**LISTED ENTRIES:**

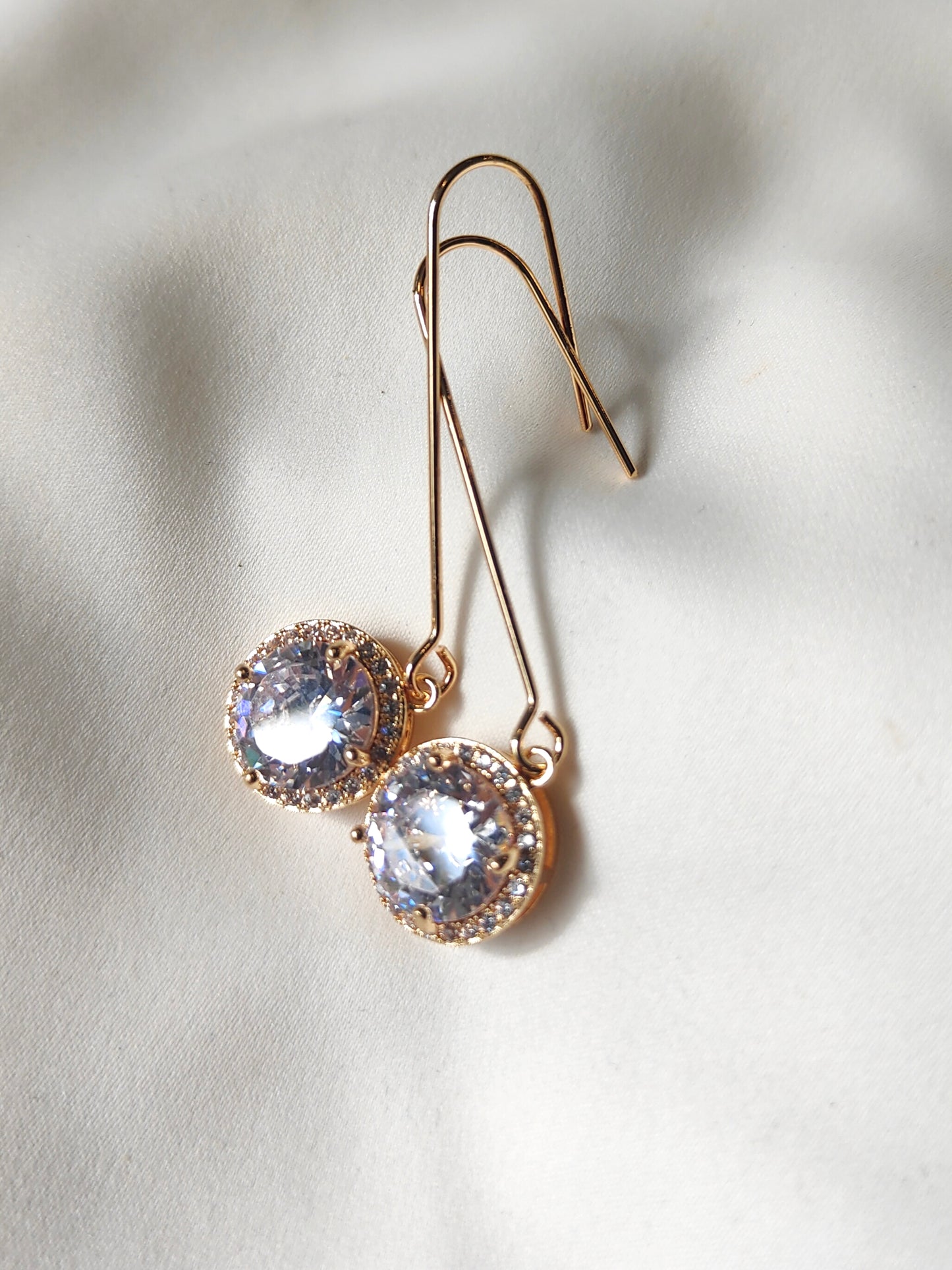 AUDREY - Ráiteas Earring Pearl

* * *

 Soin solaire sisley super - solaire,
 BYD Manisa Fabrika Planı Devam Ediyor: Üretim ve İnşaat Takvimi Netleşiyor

**WHAT THE EXERCISE ASKS:** Would you print, exactly as written, every line above from the one holding "Soin solaire sisley" through the one holding "BYD Manisa Fabrika", with both included and no other lines?

**SOLUTION TO THE EXERCISE:**
 Soin solaire sisley super - solaire,
 BYD Manisa Fabrika Planı Devam Ediyor: Üretim ve İnşaat Takvimi Netleşiyor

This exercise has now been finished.